AMAGINE-3 Study Design
AMAGINE-3 is a Phase 3 study that assessed the safety and efficacy of brodalumab given at two doses every 2 weeks via subcutaneous injection compared with placebo and Stelara in patients with moderate-to-severe plaque psoriasis. The study also assessed the safety and efficacy of four maintenance regimens of brodalumab. The primary endpoint comparing brodalumab with Stelara was the proportion of patients achieving total clearance of skin disease, as measured by PASI 100 at week 12. When comparing brodalumab with placebo, the primary endpoints included the proportion of patients achieving at least a 75% improvement from baseline in disease severity (PASI 75) at week 12, and the achievement of clear or almost clear skin, according to the sPGA (0 or 1) at week 12.
The study began with a 12-week, double-blind, active comparator- and placebo-controlled induction phase, where patients were randomized in a 2:2:1:1 ratio to receive brodalumab (210 mg or 140 mg), Stelara (per the labeled dose), or placebo. At week 12, patients originally randomized to either brodalumab arm were re-randomized 2:2:2:1 into the maintenance phase to receive brodalumab 210 mg or 140 mg at four different maintenance regimens. Patients originally randomized to Stelara continued to receive the same treatment, and those originally randomised to receive placebo began 210 mg of brodalumab every 2 weeks.
At week 52, patients entered the long-term extension portion of the study, and those who were originally randomised to receive Stelara began receiving 210 mg of brodalumab every 2 weeks. All other patients continued on treatment with brodalumab at the same dose they were being treated with at week 52. Patients may be enrolled in the study for up to 271 weeks (approximately 5 years).

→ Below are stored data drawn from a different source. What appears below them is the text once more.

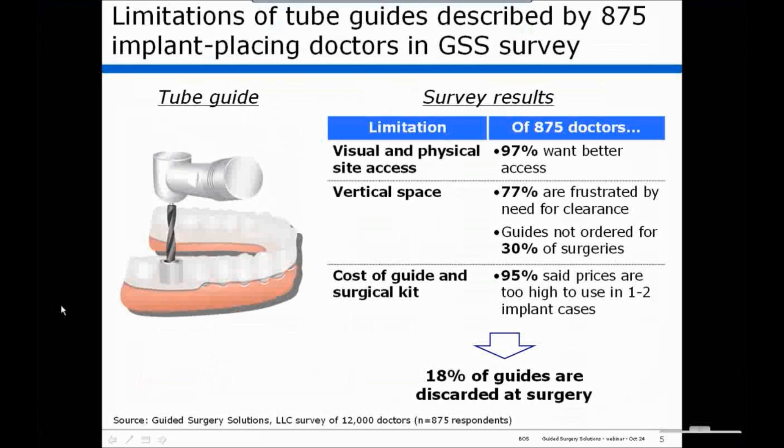Another major issue is the need for increased vertical space. Seventy-seven percent were frustrated by the need for clearance. And more interestingly, they noted that in 30 percent of their cases, they didn't order a guide because of their concerns about vertical clearance.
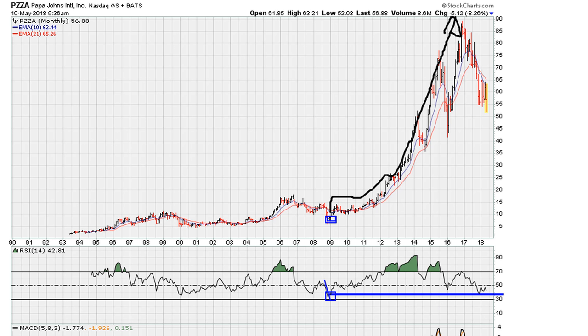As long as this support line is holding on the monthly — you can see we came back and tested it and held — that means we are in a consolidation phase before the next uptick to the upside. Otherwise, failure to hold the blue line might suggest that the next major trend, if it breaks, is going to be lower.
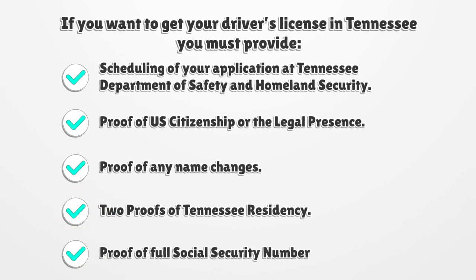If you want to get your driver's license in Tennessee, you must provide scheduling of your application at the Tennessee Department of Safety and Homeland Security, Proof of U.S. citizenship or legal presence, Proof of any name changes, 2 Proofs of Tennessee Residency, and Proof of full Social Security Number.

A PASI score is a measure of psoriatic plaque redness, scaling and thickness and the extent of involvement in each region of the body. Treatment efficacy is often measured by the reduction of PASI from baseline (e.g., a 75% reduction is known as PASI 75, a 90% reduction is known as PASI 90 and PASI 100 is total clearance of skin disease).
sPGA is a physician’s rating of psoriasis severity at a given point in time based on plaque, scaling and redness. A physician can rate a patient’s psoriasis as clear (0), almost clear (1), mild (2), moderate (3), severe (4), or very severe (5).